[Exercise instructions]
Repeat the listing word for word. Leave every picture out.

[Stored data]
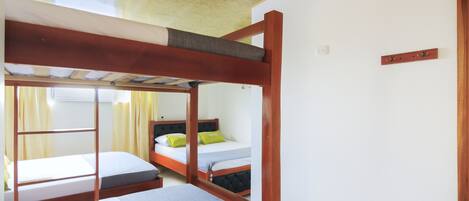 Un dormitorio con literas, techo de madera y ventana con cortinas.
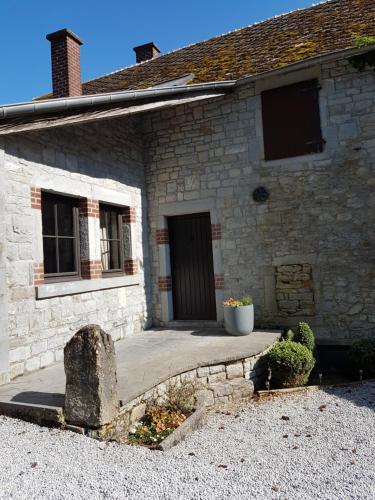 a stone house with a walkway leading to a door at La parenthèse in Chimay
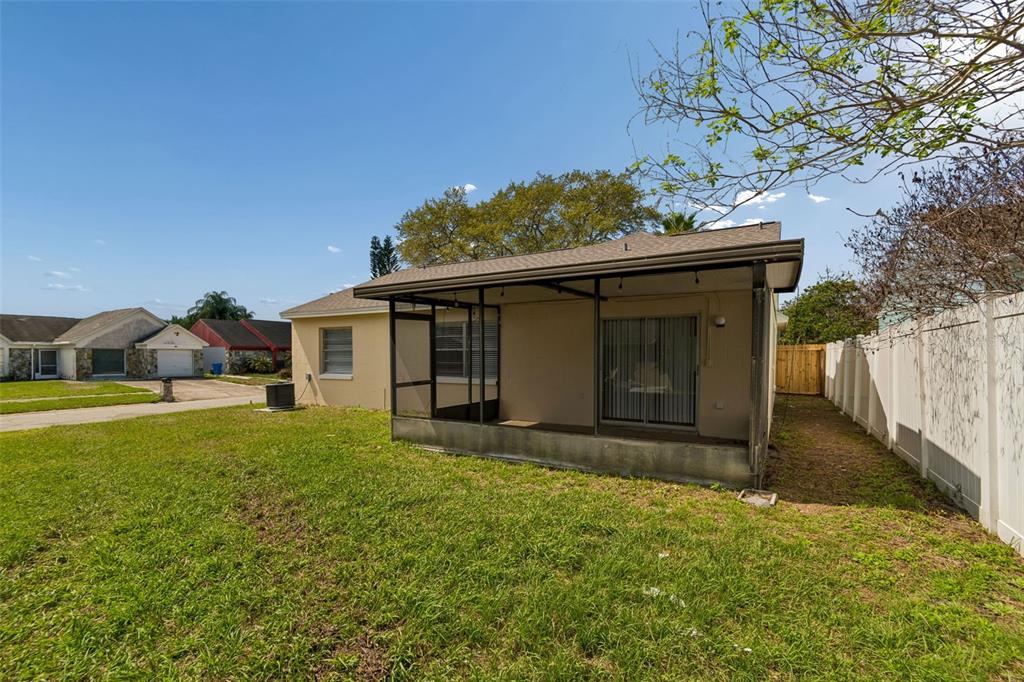 A backyard view of a house with a screened-in porch and a white vinyl fence — 8301 IBERIA PLACE, TAMPA, FL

[Worked solution]
 Un dormitorio con literas, techo de madera y ventana con cortinas.
 a stone house with a walkway leading to a door at La parenthèse in Chimay
 A backyard view of a house with a screened-in porch and a white vinyl fence — 8301 IBERIA PLACE, TAMPA, FL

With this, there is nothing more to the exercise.